**WHAT TO PRODUCE:** Without pictures, repeat exactly the lines from the one containing "Garderobe Cambrian 315" through the end of the entries.

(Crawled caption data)
▶

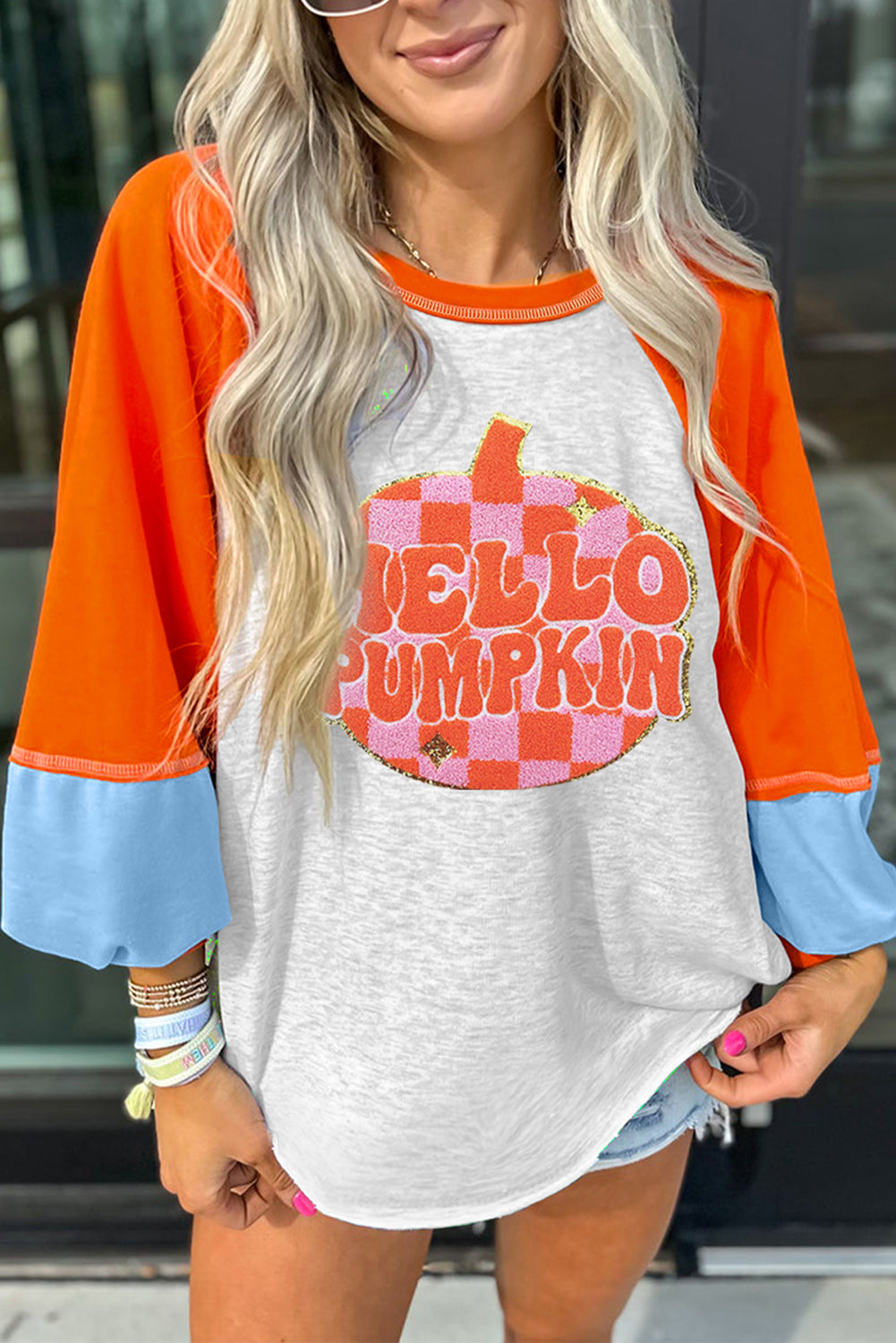 Light Grey HELLO PUMPKIN Patched Graphic Colorblock Raglan Sleeve Top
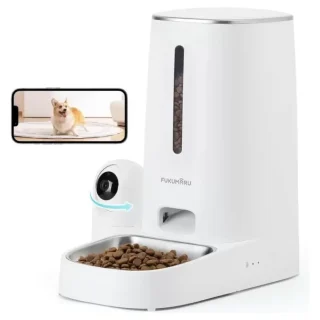 Comedero Automatico WiFi 5G con Camara Giratoria HD 1080P para Perros y Gatos 2 kg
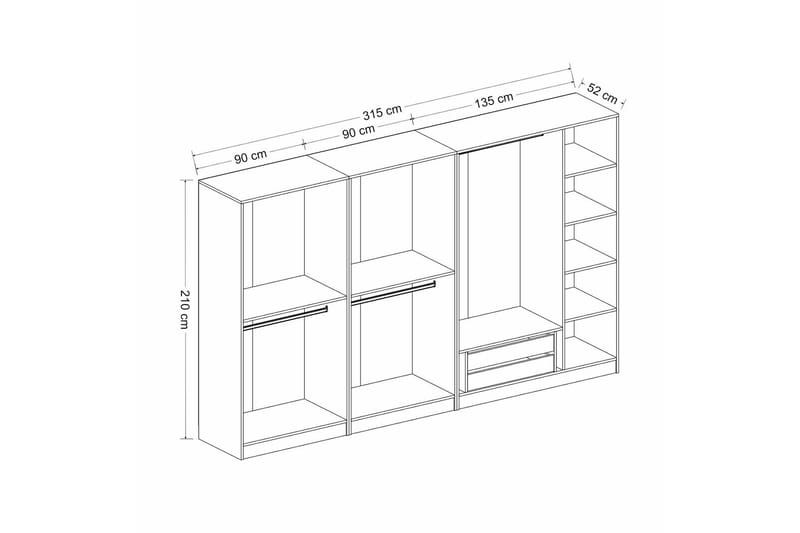 Garderobe Cambrian 315 cm - Antrasitt - Oppbevaring - Garderober & garderobesystem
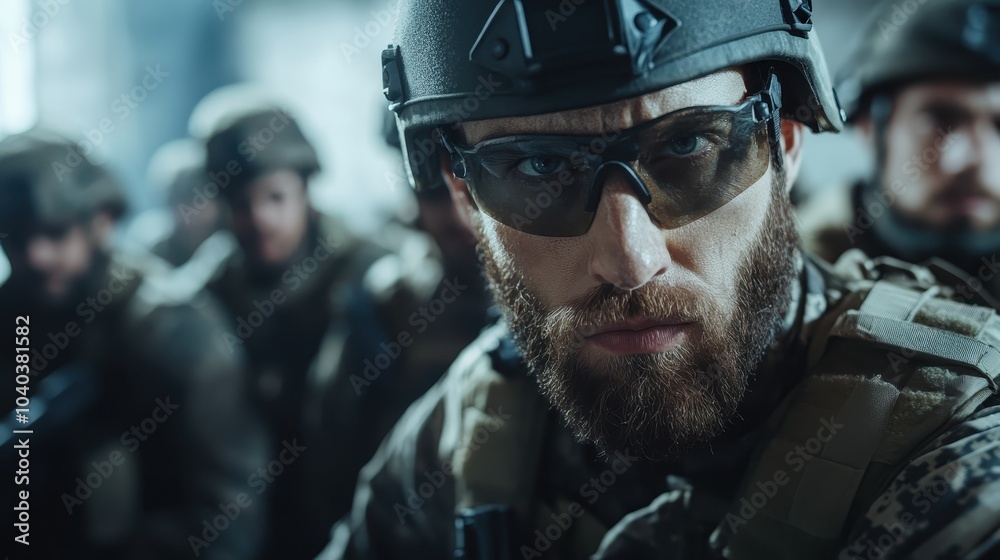 A bearded soldier in tactical gear is captured wearing a helmet with dark glasses, surrounded by a group of similarly equipped comrades. The setting is dynamic. A bearded soldier in tactical gear is captured wearing a helmet with dark glasses, surrounded by a group of similarly equipped comrades. The setting is dynamic.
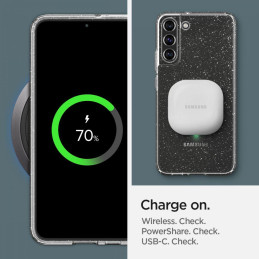 Spigen Skystųjų kristalų dėklas Samsung Galaxy S22 - skaidrus ir blizgantis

◀

**EXERCISE OUTPUT:**
 Garderobe Cambrian 315 cm - Antrasitt - Oppbevaring - Garderober & garderobesystem
 A bearded soldier in tactical gear is captured wearing a helmet with dark glasses, surrounded by a group of similarly equipped comrades. The setting is dynamic. A bearded soldier in tactical gear is captured wearing a helmet with dark glasses, surrounded by a group of similarly equipped comrades. The setting is dynamic.
 Spigen Skystųjų kristalų dėklas Samsung Galaxy S22 - skaidrus ir blizgantis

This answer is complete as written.